Notes and Editorial Reviews
It doesn't take much more than a thought to get musicologists going these days. It's well known that Brahms originally conceived the music of his First Serenade for other than full orchestra; perhaps string octet, perhaps a mixed nonet. No one knows for sure, and no earlier setting has survived, but that hasn't stopped several groups from reducing the work to its theoretically "original" chamber version. We can only wonder what would have happened if Brahms had speculated about writing for balalaika orchestra or Balinese gamelan. Imagine the fun! We might yet see the Third Symphony as a Ukulele Septet and the Tragic Overture in its original version for six accordions, ophicleide, viola
d'amore, three trombones, timpani, tam-tam, and glass harmonica.

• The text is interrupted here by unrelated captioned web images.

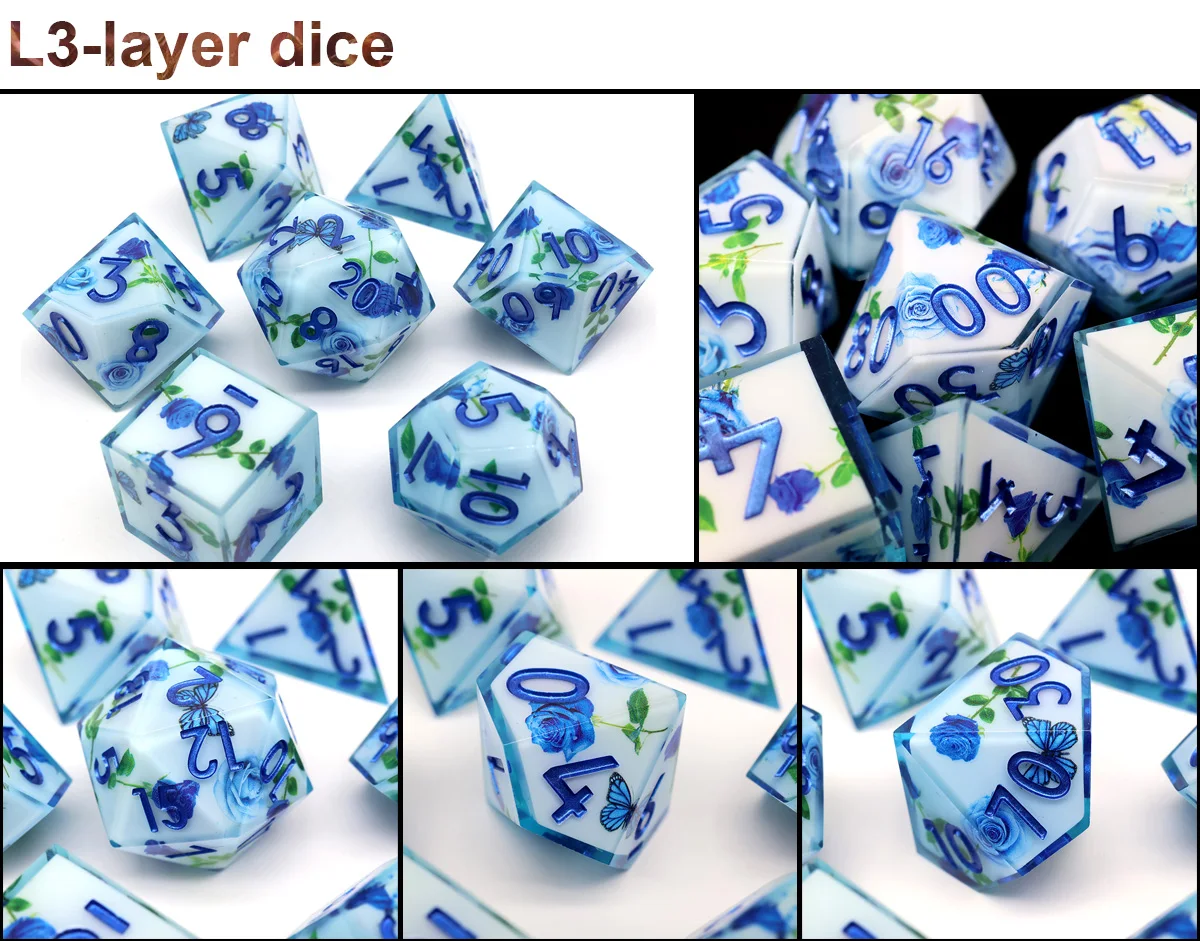 Polyhedral RPG Dice Board Games Resin DND Dice Set Sharp Edge Dice DND Gift For Role Playing Table Game-G4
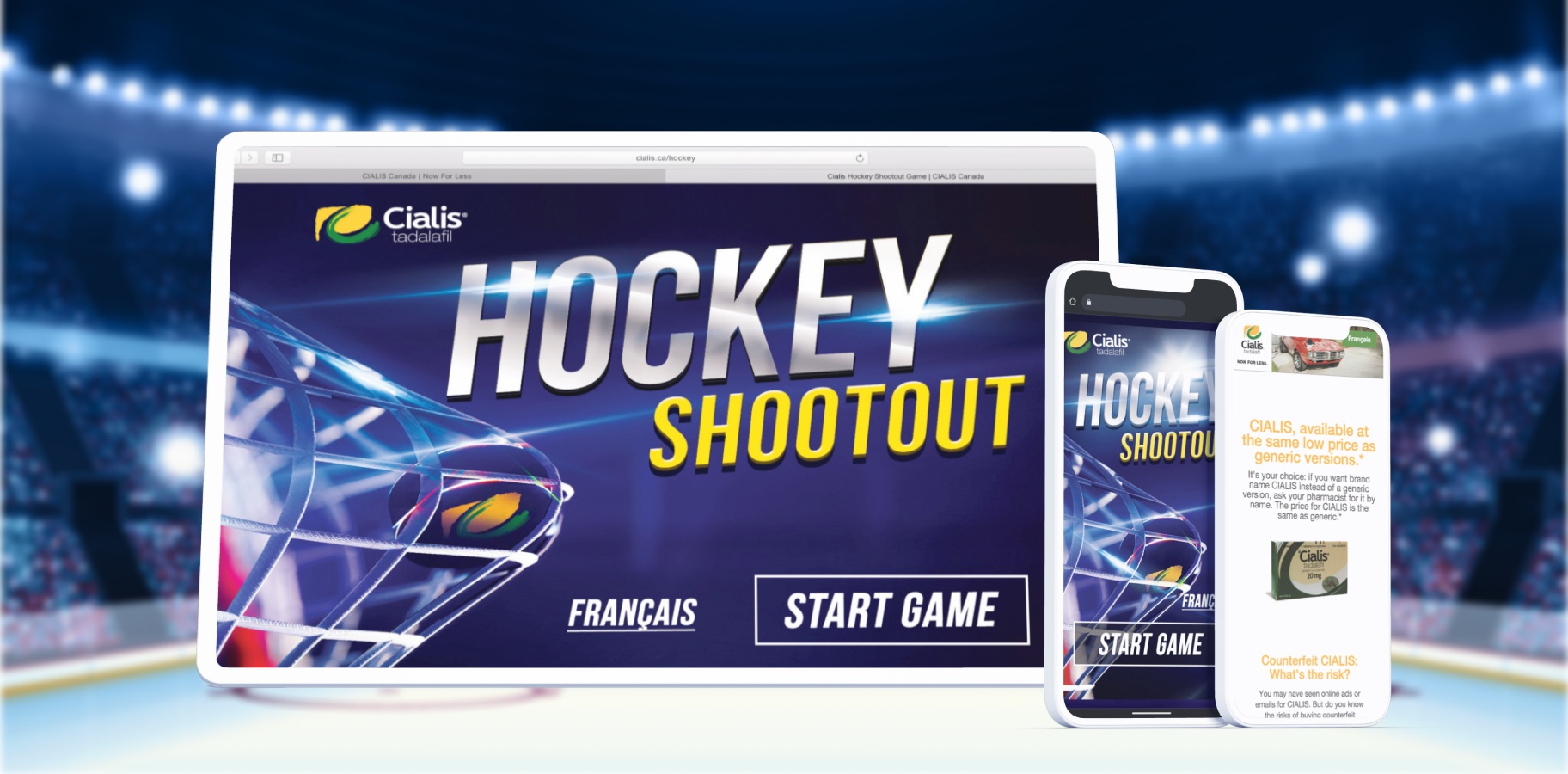 Cialis Hockey Shootout HTML5 game homepage with bilingual start screen and branded Cialis ice rink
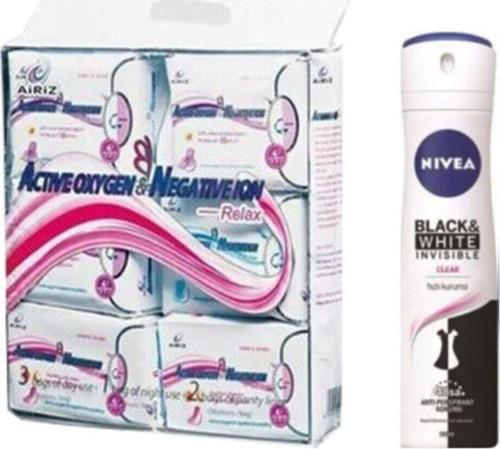 Hijyenik Kadın Pedi 6'lı Paket 98 Adet Pamuklu Organik+nivea Invisible B&w Deodorant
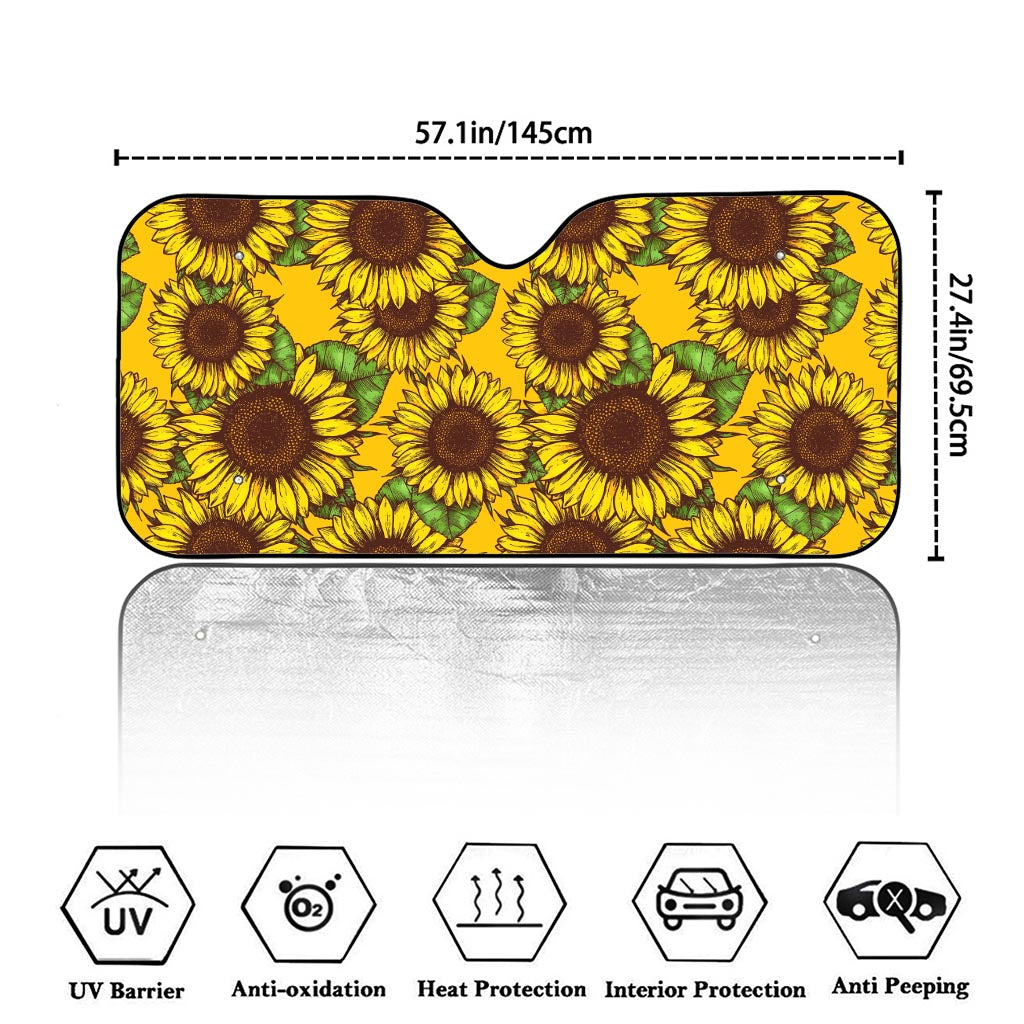 Classic Vintage Sunflower Pattern Print Car Windshield Sun Shade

But seriously, whatever the dubious musicological roots of this enterprise, the end really justifies the means, for the music sounds delightful in this reduced scoring, thanks in large part to some magnificent playing--particularly from the woodwinds--by the Czech Nonet. If you're not hooked by the thoroughly romantic tone of the horn, the rustic charm of the oboe and clarinet, or the transparent textures and sweetly singing strings in the lovely slow movement, then you need to find a new hobby besides music. My only quibble concerns certain oboe passages that have been transferred to the flute, obviously to give the player something more to do and to lighten the overall texture. I prefer the oboe originals in most such cases, but it's a very minor point. Vládimira Klánská's evocative horn playing also features in the marvelous performance of the Op. 40 Horn Trio that opens the program. This disc offers great sound and great fun, especially if you're in the mood for Brahms with a difference.